* What to do:
Drop the pictures and restate the rest of the listing word for word.

* Dataset extract:
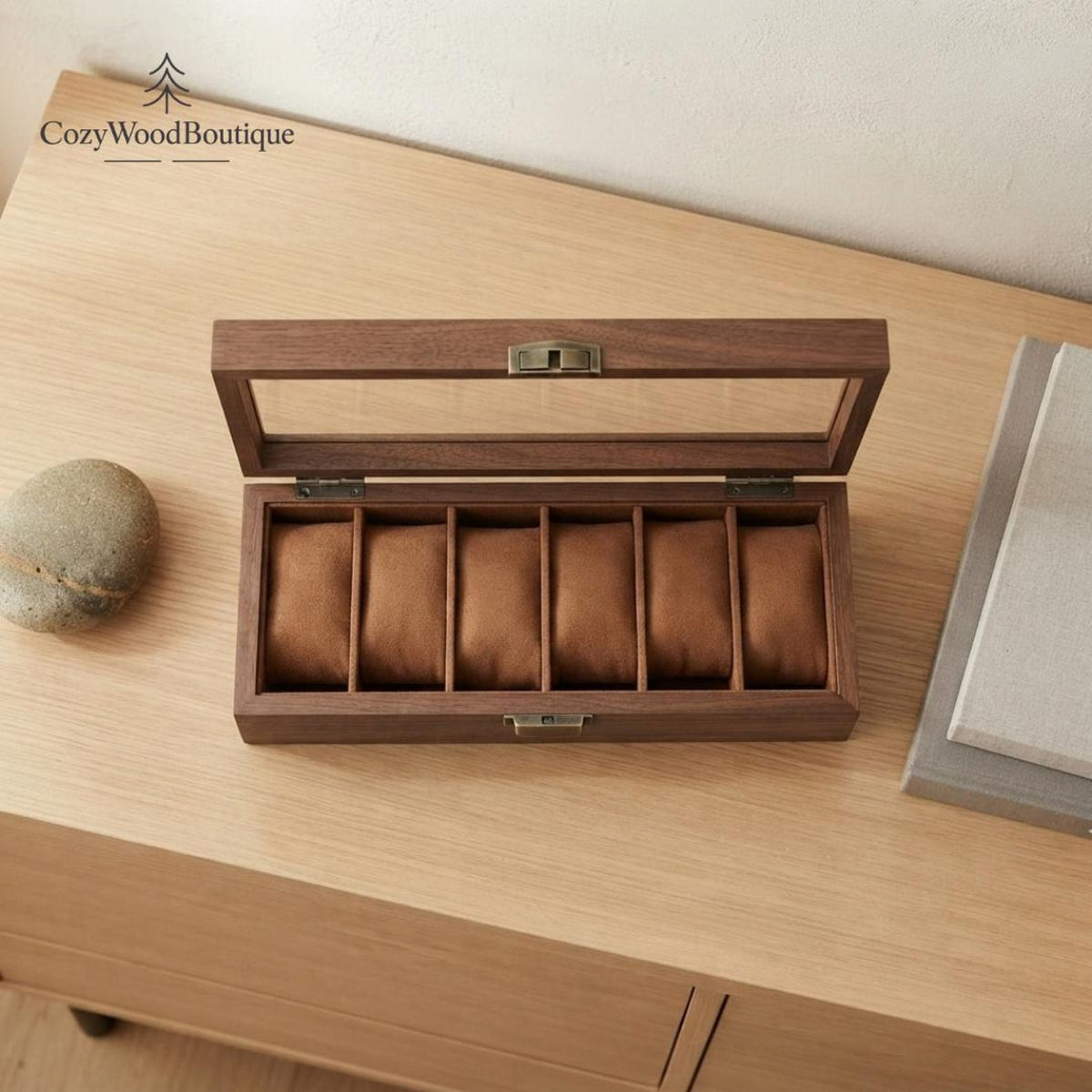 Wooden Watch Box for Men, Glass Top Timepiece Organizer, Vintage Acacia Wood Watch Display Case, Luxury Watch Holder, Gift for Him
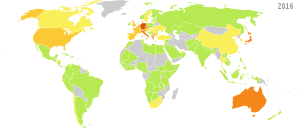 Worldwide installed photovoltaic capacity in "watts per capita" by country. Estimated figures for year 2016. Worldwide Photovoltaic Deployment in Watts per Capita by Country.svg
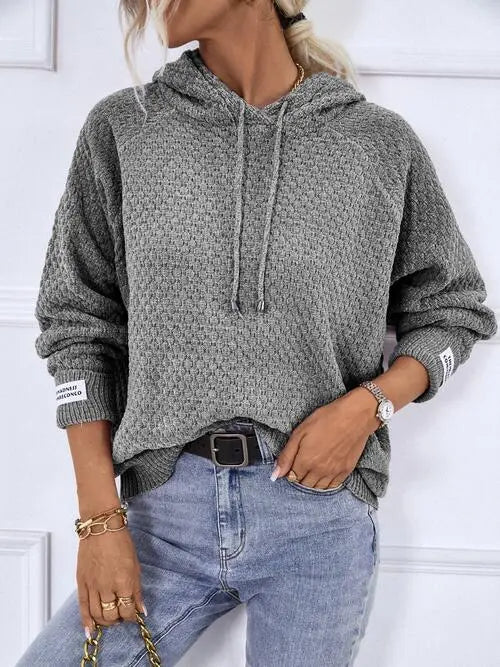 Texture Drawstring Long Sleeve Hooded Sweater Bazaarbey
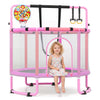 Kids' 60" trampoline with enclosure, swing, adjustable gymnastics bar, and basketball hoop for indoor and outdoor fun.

* Expected output:
 Wooden Watch Box for Men, Glass Top Timepiece Organizer, Vintage Acacia Wood Watch Display Case, Luxury Watch Holder, Gift for Him
 Worldwide installed photovoltaic capacity in "watts per capita" by country. Estimated figures for year 2016. Worldwide Photovoltaic Deployment in Watts per Capita by Country.svg
 Texture Drawstring Long Sleeve Hooded Sweater Bazaarbey
 Kids' 60" trampoline with enclosure, swing, adjustable gymnastics bar, and basketball hoop for indoor and outdoor fun.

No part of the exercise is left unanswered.